Despite the bankruptcies, hacks and general foul mood in crypto, one metric is moving in the right direction.
As we talked about earlier this year, ethereum — the world’s second-largest crypto network — made a move to reduce the energy used in the “mining” process for authenticating transactions on the blockchain.
In September, ethereum switched from the so-called proof of work method, in which a bunch of miners compete to solve an authentication puzzle with giant banks of supercomputers, to a method called proof of stake, in which just one miner validates a transaction. That requires much less electricity.
Marketplace’s Meghan McCarty Carino spoke with Alex de Vries, the founder of Digiconomist, a website that tracks cryptocurrency energy use, about just how much less energy the ethereum network is consuming, based on a paper that de Vries recently published.
The following is an edited transcript of their conversation.
Alex de Vries: This change has had a tremendous impact on the energy consumption of the ethereum network. They managed to reduce their energy consumption by at least 99.84%. In absolute numbers, that translates to as much electrical consumption as a country like Ireland or even Austria. So we’re talking a really significant reduction in the power requirement of the network as a result of this change in the software.
Meghan McCarty Carino: So ethereum has reduced its power intake. Has that had much of an effect on the crypto sector’s electricity consumption overall?
De Vries: Well, that’s a much more difficult question to answer because the thing is, these devices that were previously being used in ethereum were mostly graphic cards, and graphic cards can quite easily be repurposed, for example, for the mining of other digital currencies. It’s even the case that as these ethereum miners were forced to shut down and remove their machines from the data center space they were using, bitcoin miners that previously were unable to find the space they needed for their machines took this space that became available after the ethereum miners left and started using their energy, and therefore limiting the amount of energy reduction we have globally from this change in the software of the ethereum system.
McCarty Carino: I mean, the whole crypto ecosystem seems to be dealing with a basic loss of trust. Is becoming more energy efficient kind of a luxury problem in that context?
De Vries: As the market is getting more and more squeezed, only the ones that are having access to the cheapest forms of electricity, and the ones that are having the most power-efficient devices, are going to be able to survive the current conditions. That hasn’t changed. That’s always been the case. But right now, under the current market conditions, the ones that don’t have the optimal setup or aren’t running the most optimal devices or just don’t have access to the cheapest electricity are being forced to shut down and leave the mining market.
McCarty Carino: Have you seen any indications that other crypto mining operations for other currencies might make this switch?
De Vries: Well, it depends on the cryptocurrency. The thing is in ethereum, it was always part of their plan to make the switch. They had this thing in their road map from basically day one. And that’s not been the case for bitcoin, for example. They don’t have any plans whatsoever to make a similar change to their software. So at the moment, there is no reason to be optimistic that this will happen in bitcoin as well.

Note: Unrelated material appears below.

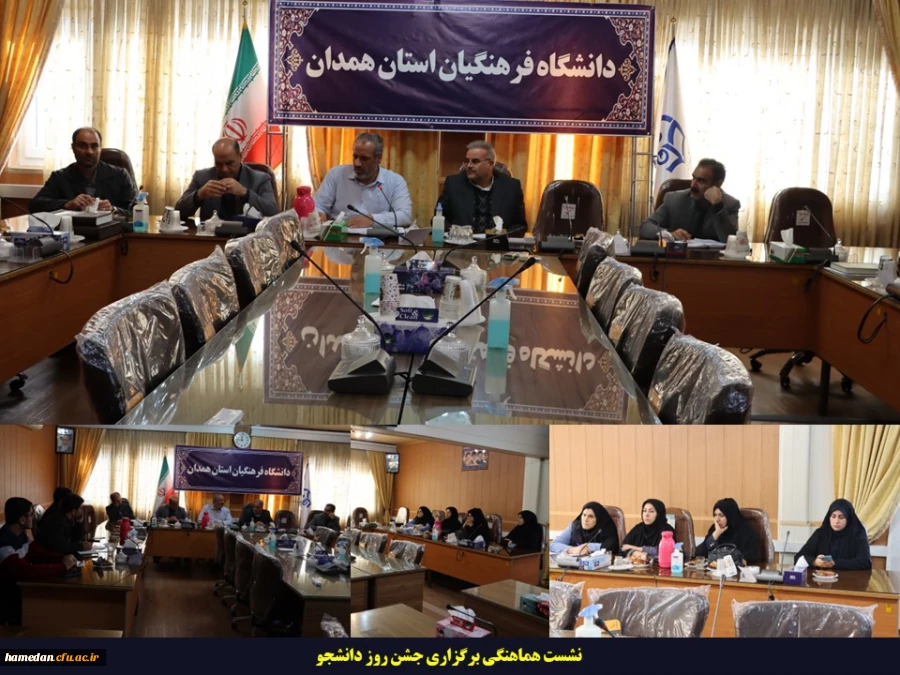 نشست هماهنگی روز دانشجو 1403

McCarty Carino: So we have this more sustainable method of crypto authentication. But the crypto sector is going through some tumultuous times lately. There’s the bankruptcy of the FTX crypto exchange. We’ve seen a bunch of crypto hacks, there’s been this dramatic downturn in crypto valuations. I mean, what are your findings mean in light of all this other stuff going on?
De Vries: Well, I think we need to establish that the very fact that crypto asset prices have been under a lot of pressure recently is already putting pressure on the energy consumption of these networks as well. For the very simple reason that these crypto miners often get paid a fixed amount of coins for every block they create. So as the value of those coins goes down, they simply have less money to spend on resources like energy and hardware. That is pretty good news for the environment. Hey, we can see that over the past couple of months, the bitcoin network, even though they have no plans to change their software, the energy consumption of the network went down by probably up to 50% simply from the bitcoin price going down. Though, of course, it would be a much better solution if they also changed their software because that’s the only way to receive or to achieve a near 100% reduction in the energy consumption.
Related links: More insight from Meghan McCarty Carino
You can read De Vries’ paper in the scientific journal Cell here.
But just in case you need perhaps a little more in-depth refresher on how crypto mining actually works, here’s an explainer from my Marketplace colleague Matt Levin about the process, as well as a previous conversation we had with De Vries that covers some of the nuances of “proof of stake” versus “proof of work” authentication.
Bloomberg News has more on the situation for crypto miners now that this digital gold rush is losing its luster. Many set up shop in Texas, attracted by the promise of cheap energy and a welcoming regulatory environment.
But now with soaring power costs and the loss of value in currencies like bitcoin, it’s become pretty tough to make a profit, much less pay back the Texas-sized loans many miners took out to finance their operations.